The cook in question hid his face, but not his tattoos.

By Jelisa Castrodale
March 30, 2021
somebody making meatballs and filming it on an iphone
Credit: Credit: dvoevnore/Getty Images

Two years ago, an Italian mafia boss was finally captured after he spent 14 years as a "super fugitive," somehow evading both domestic and international warrants for his arrest. Marco Di Lauro—considered to be Italy's second most-dangerous man at the time—was eating a plate of pasta and sitting with his two cats when he was taken into custody. 

Fast-forward to this week, when a different Mafia man was caught not while he was eating pasta, but because he couldn't stop preparing it. According to The Guardian, Marc Feren Claude Biart was always careful not to show his face during the Italian cooking videos he posted on his YouTube channel, but he never covered his distinctive tattoos. 

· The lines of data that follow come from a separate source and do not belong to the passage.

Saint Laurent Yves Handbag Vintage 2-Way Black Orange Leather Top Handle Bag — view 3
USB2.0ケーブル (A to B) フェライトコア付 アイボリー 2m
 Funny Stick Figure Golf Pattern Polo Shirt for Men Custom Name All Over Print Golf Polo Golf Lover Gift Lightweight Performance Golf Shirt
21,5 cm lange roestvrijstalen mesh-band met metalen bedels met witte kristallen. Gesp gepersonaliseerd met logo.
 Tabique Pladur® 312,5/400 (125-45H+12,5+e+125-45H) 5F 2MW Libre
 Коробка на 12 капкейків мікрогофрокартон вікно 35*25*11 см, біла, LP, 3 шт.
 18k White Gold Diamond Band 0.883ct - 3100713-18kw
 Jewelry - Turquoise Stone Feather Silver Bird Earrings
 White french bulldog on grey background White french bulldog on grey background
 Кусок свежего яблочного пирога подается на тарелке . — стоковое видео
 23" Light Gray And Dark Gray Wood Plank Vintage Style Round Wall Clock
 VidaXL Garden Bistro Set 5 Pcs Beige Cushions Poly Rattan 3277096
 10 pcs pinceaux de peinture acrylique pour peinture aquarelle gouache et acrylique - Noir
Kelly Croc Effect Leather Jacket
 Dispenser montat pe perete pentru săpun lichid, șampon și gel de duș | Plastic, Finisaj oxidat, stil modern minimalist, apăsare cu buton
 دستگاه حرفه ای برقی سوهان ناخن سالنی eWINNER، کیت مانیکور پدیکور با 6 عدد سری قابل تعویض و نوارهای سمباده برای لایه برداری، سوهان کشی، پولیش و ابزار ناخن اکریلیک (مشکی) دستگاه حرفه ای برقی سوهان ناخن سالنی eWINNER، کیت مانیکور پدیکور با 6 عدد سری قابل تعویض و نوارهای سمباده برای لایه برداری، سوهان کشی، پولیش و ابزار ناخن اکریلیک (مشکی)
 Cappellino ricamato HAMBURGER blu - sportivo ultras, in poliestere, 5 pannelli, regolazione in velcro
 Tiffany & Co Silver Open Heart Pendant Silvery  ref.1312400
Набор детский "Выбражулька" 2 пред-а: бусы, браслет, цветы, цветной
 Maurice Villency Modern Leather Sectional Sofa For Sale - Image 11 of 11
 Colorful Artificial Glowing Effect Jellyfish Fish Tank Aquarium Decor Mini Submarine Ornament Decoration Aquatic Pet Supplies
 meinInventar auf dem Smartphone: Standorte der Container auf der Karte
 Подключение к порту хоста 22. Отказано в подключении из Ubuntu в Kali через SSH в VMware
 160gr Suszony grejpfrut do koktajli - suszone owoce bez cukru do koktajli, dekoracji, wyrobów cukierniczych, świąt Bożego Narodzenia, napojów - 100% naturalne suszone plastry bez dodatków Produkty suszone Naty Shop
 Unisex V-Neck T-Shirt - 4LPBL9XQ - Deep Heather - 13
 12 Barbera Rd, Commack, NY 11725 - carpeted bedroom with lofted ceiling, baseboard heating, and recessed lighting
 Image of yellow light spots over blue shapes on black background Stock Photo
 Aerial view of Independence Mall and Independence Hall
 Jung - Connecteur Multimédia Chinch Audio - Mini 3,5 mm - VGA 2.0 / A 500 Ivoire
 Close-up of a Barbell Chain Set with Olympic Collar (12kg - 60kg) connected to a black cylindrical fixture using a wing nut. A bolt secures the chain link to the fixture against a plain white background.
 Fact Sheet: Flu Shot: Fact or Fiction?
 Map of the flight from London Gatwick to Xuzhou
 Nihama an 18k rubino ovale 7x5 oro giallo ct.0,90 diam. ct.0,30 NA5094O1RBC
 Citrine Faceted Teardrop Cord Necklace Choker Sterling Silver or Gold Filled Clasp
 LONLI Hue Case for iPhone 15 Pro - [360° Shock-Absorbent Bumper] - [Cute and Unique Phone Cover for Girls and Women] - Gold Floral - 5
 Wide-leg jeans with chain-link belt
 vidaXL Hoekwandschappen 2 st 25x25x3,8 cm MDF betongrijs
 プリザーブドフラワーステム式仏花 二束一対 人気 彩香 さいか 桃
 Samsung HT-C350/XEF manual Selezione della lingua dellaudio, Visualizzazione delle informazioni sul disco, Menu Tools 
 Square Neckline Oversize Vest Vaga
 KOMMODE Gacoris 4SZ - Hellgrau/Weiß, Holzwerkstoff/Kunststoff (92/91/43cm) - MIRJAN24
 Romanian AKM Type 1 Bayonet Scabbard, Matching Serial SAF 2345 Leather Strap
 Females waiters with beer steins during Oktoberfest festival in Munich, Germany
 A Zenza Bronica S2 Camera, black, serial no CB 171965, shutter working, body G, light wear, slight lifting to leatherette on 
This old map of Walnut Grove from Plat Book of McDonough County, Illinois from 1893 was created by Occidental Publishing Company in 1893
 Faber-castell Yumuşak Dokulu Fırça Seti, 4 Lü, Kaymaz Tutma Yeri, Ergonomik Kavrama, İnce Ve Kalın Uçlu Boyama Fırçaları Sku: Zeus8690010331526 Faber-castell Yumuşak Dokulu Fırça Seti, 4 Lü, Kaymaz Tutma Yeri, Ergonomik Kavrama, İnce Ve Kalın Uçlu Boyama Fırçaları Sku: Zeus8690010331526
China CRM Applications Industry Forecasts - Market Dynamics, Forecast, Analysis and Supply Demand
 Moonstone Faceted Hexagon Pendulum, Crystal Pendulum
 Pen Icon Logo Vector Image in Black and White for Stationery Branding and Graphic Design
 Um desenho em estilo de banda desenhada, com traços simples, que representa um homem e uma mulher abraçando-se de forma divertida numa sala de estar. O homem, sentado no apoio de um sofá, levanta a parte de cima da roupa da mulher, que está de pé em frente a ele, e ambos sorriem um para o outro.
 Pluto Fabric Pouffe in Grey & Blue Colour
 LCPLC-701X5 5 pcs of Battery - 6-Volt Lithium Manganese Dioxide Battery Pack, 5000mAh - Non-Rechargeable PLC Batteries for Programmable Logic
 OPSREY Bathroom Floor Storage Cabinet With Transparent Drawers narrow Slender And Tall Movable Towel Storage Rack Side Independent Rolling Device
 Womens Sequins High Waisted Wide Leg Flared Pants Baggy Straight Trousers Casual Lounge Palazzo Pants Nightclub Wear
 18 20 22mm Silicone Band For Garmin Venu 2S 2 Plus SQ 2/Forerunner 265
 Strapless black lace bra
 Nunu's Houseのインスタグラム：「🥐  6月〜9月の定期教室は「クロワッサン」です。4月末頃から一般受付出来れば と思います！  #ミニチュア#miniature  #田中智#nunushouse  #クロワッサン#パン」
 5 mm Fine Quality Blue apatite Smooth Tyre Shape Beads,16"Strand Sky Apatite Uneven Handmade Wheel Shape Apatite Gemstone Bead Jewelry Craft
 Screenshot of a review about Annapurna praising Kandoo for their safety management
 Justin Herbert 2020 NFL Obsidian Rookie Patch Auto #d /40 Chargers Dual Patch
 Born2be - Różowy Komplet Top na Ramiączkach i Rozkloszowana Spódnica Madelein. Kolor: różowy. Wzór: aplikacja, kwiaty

Biart was captured in Boca Chica, a beachside city in the Dominican Republic, where he wasn't exactly welcomed by the other Italian expats. (The cops said that he was always regarded as "a foreigner.") He'd been on the Italian authorities' "To Catch" list since 2014 when a judge issued a warrant for his arrest after he was charged with drug trafficking in the Netherlands "on behalf of the Cacciola clan of the 'Ndrangheta mafia." 

In a statement, the Italian police said that the 53-year-old was put on a plane back to Milan's Malpensa airport. Italian law enforcement agencies have been working with Interpol on a yearlong project called I-CAN, which stands for "Interpol Cooperation Against 'Ndrangheta," and Biart's arrest is being praised as one of I-CAN's most recent successes.

"The fight against the Calabrian Mafia does not only concern Italy but also involves other countries because of its ability to penetrate the economic fabric across borders," the Polizia di Stato wrote. "It represents a serious threat at an international level, even if the trafficking and all criminal activities originate in Calabria."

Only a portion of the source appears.